_EXERCISE BRIEF_
Please restate word for word all lines from the one containing "Z-Supply Cornelia Getaway Maxi Dress" to the final line of the entries, and include no pictures.

_Recorded data_

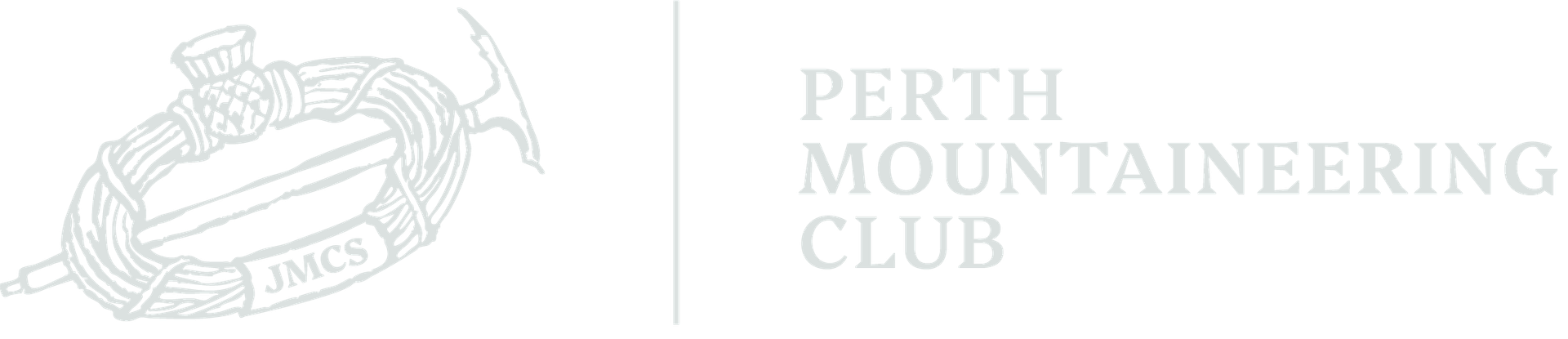 Perth Mountaineering Club logo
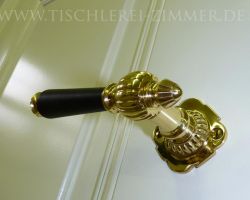 klassische Drückergarnitur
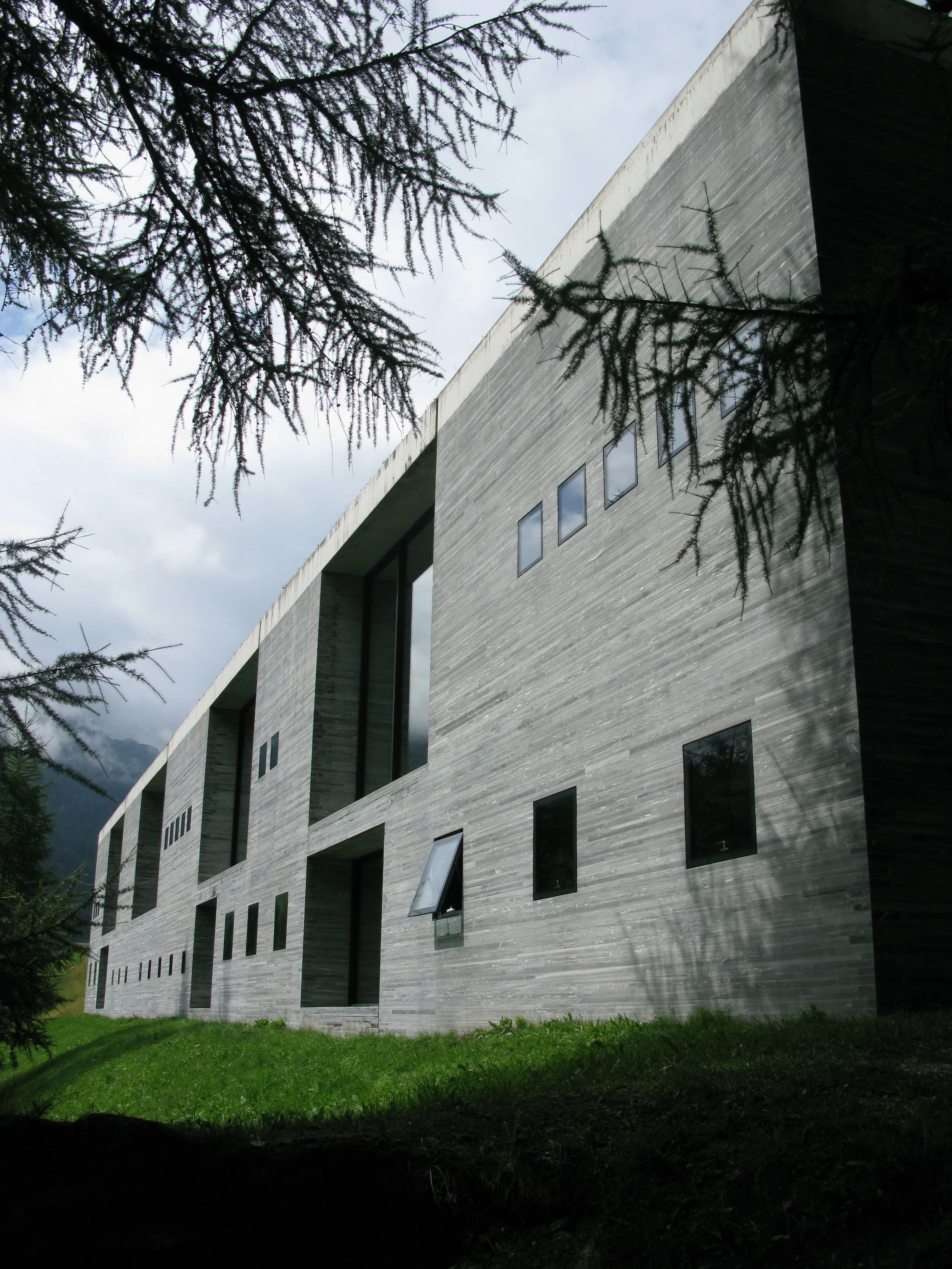  Thermes de Vals - Peter Zumthor - 2010 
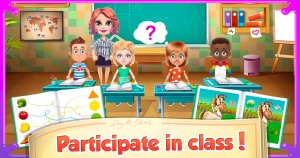 Day At School Game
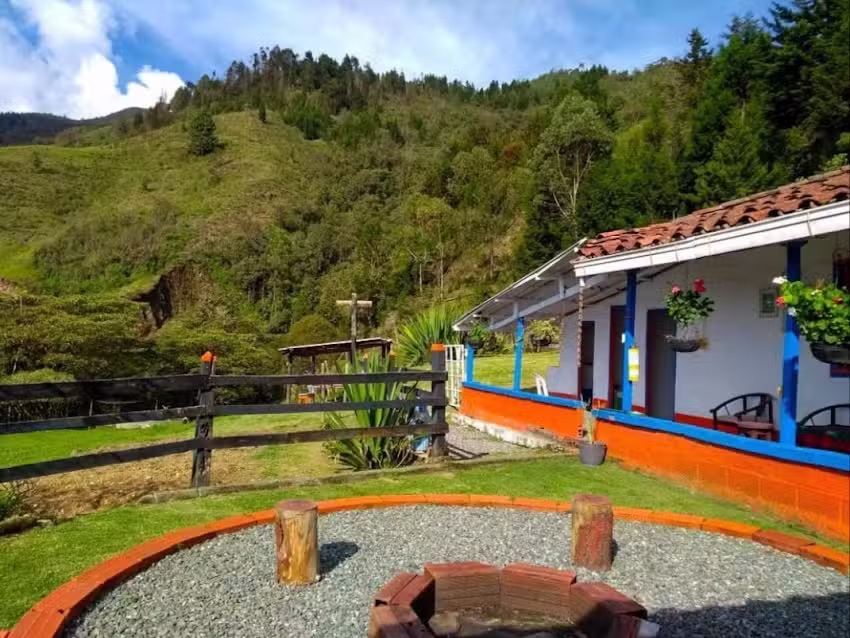 PATIO BONITO &ndash; ECO FINCA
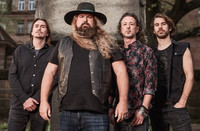 ALLEN FORRESTER BAND im Cafe Museum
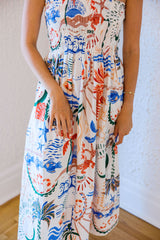 Z-Supply Cornelia Getaway Maxi Dress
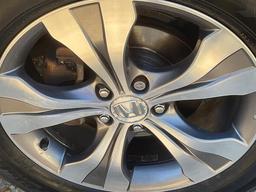 Honda CR-V 2.0 i-VTEC EX Auto 4WD Euro 5 5dr at 52th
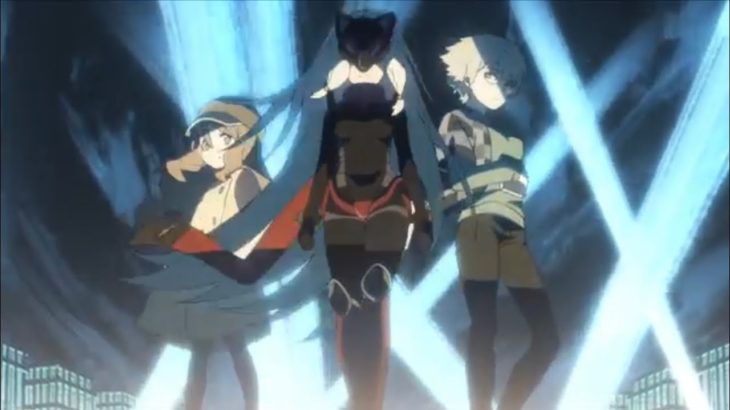 劇場アニメ『BLACKFOX』予告編・PV集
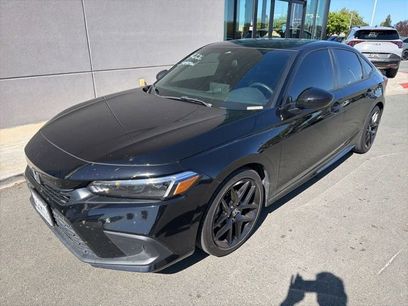 Used 2023 Honda Civic Sport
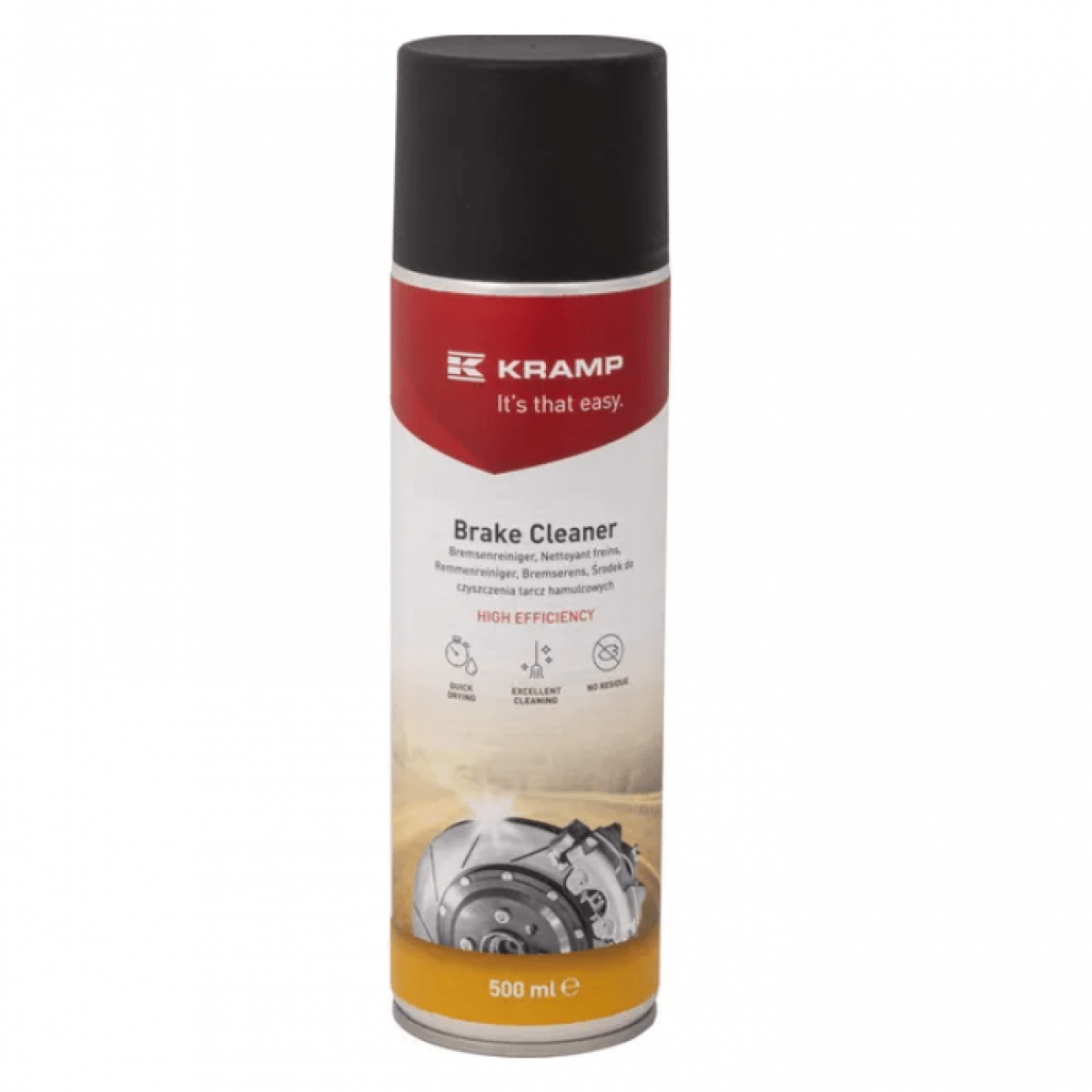 GK/31461KR Čistič bŕzd 500ml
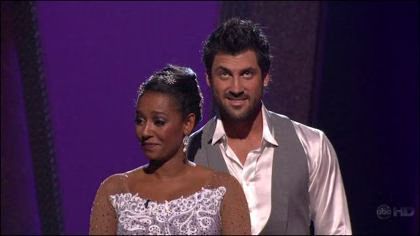 Dancing with the Stars — Results — 10/16/07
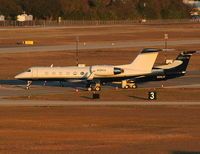N388CA @ TPA - Gulfstream G-IV - by Florida Metal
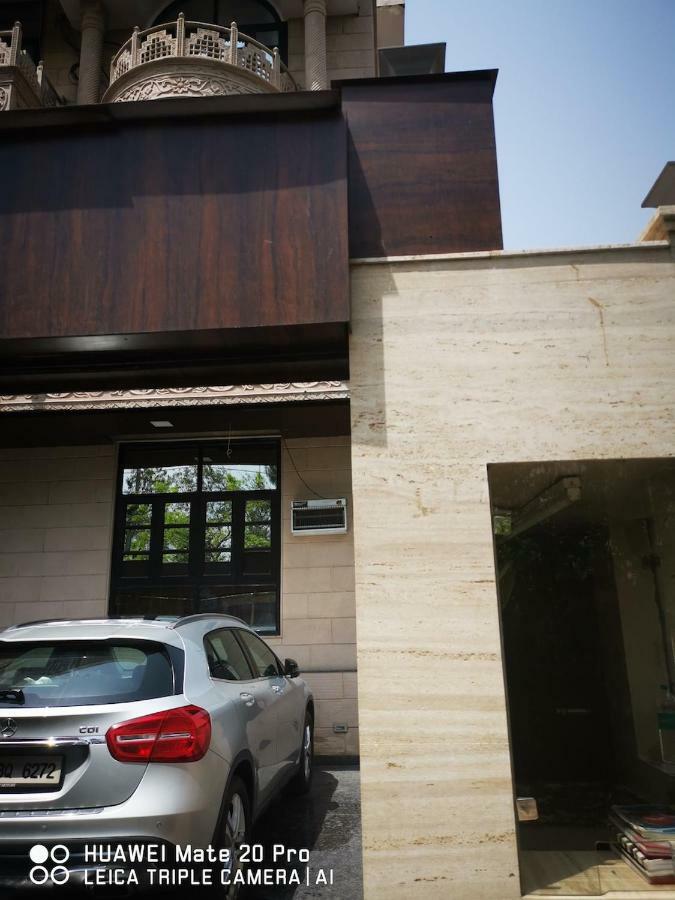 Hotel Pk Residency Νόιντα Εξωτερικό φωτογραφία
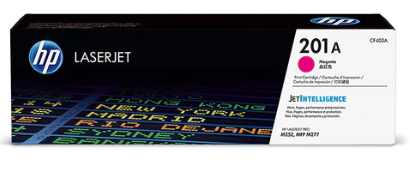 HP 201A Magenta Original LaserJet Toner Cartridge (CF403A) – Bold Color Expression with Precision Laser Accuracy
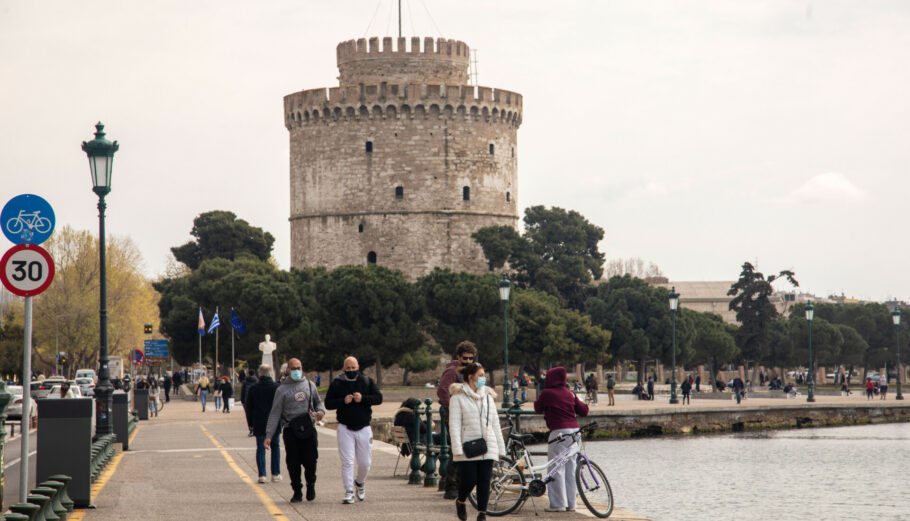 Θεσσαλονίκη © Eurokinissi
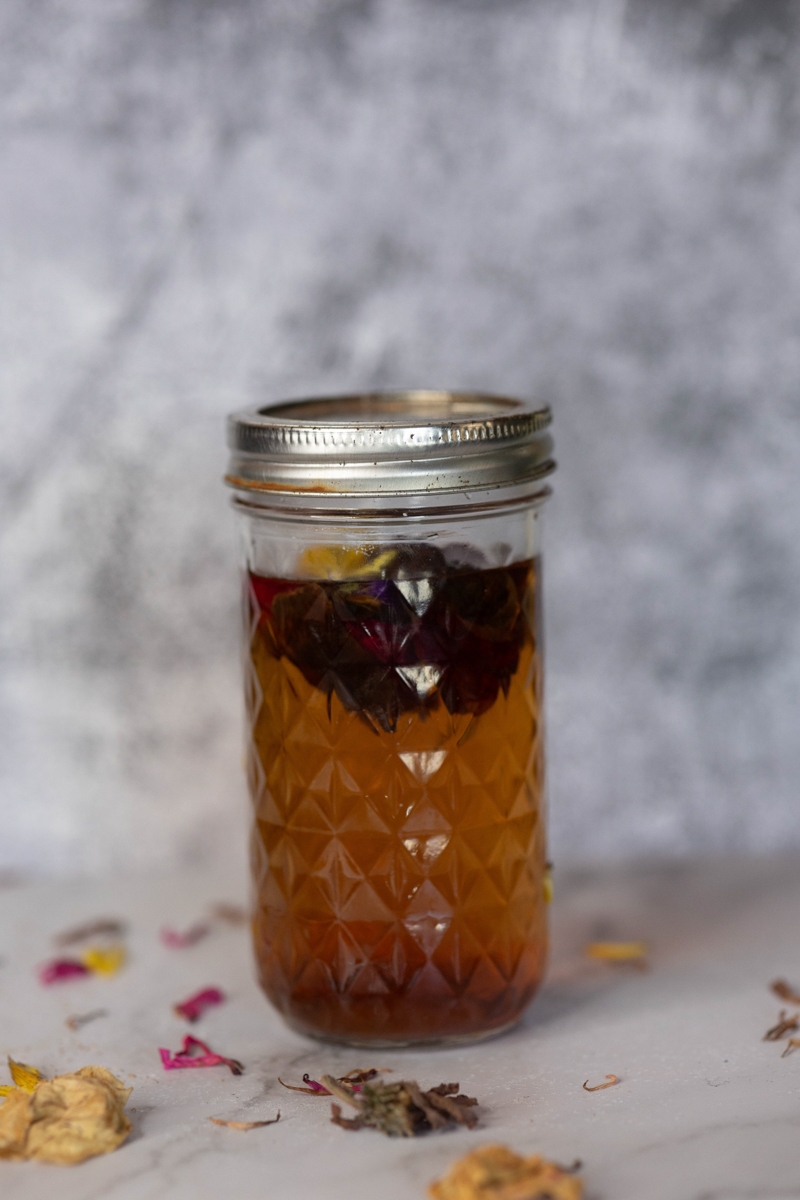 R62_0783_Shoshana_product_photos_ASP_web - Spiritual Teachers Voodoo Strengthener Floor Wash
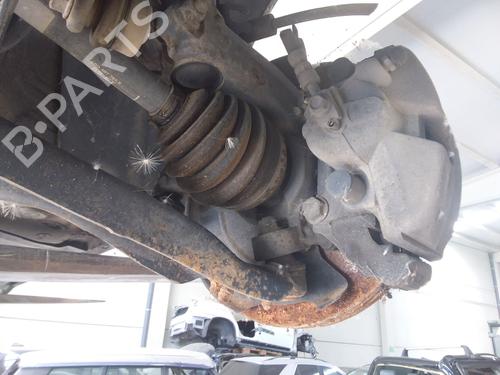 Used Left front steering knuckle SEAT IBIZA IV (6J5, 6P1) [2008-2017]  26332948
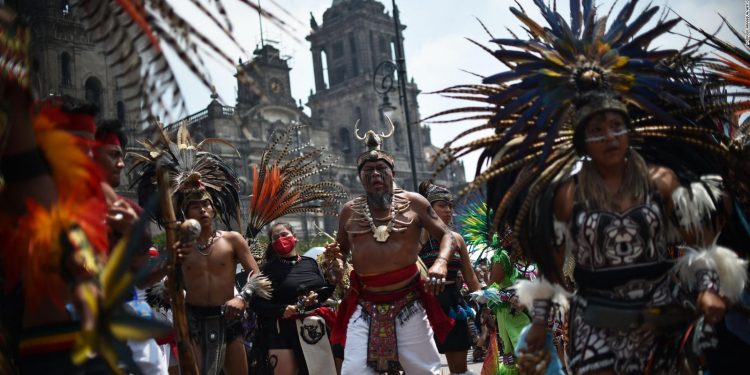 importancia de recordar caída de Tenochtitlán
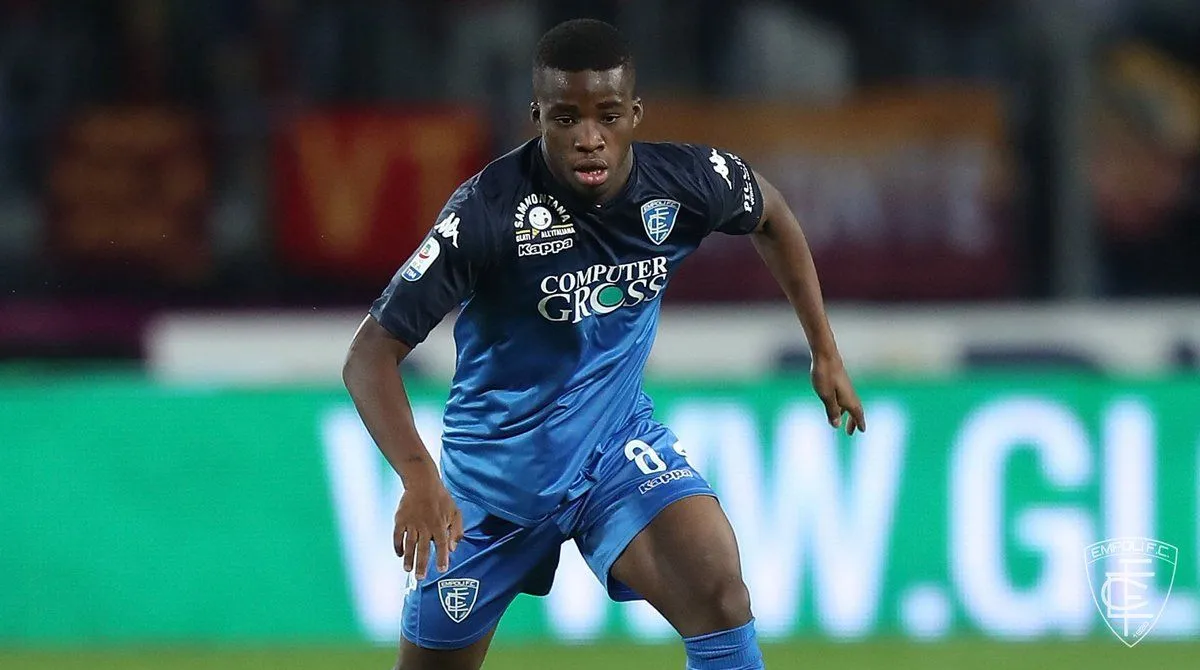 Juventus, preso Traorè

_RESPONSE_
 Z-Supply Cornelia Getaway Maxi Dress
 Honda CR-V 2.0 i-VTEC EX Auto 4WD Euro 5 5dr at 52th
 劇場アニメ『BLACKFOX』予告編・PV集
 Used 2023 Honda Civic Sport
 GK/31461KR Čistič bŕzd 500ml
 Dancing with the Stars — Results — 10/16/07
N388CA @ TPA - Gulfstream G-IV - by Florida Metal
 Hotel Pk Residency Νόιντα Εξωτερικό φωτογραφία
 HP 201A Magenta Original LaserJet Toner Cartridge (CF403A) – Bold Color Expression with Precision Laser Accuracy
 Θεσσαλονίκη © Eurokinissi
 R62_0783_Shoshana_product_photos_ASP_web - Spiritual Teachers Voodoo Strengthener Floor Wash
 Used Left front steering knuckle SEAT IBIZA IV (6J5, 6P1) [2008-2017]  26332948
 importancia de recordar caída de Tenochtitlán
 Juventus, preso Traorè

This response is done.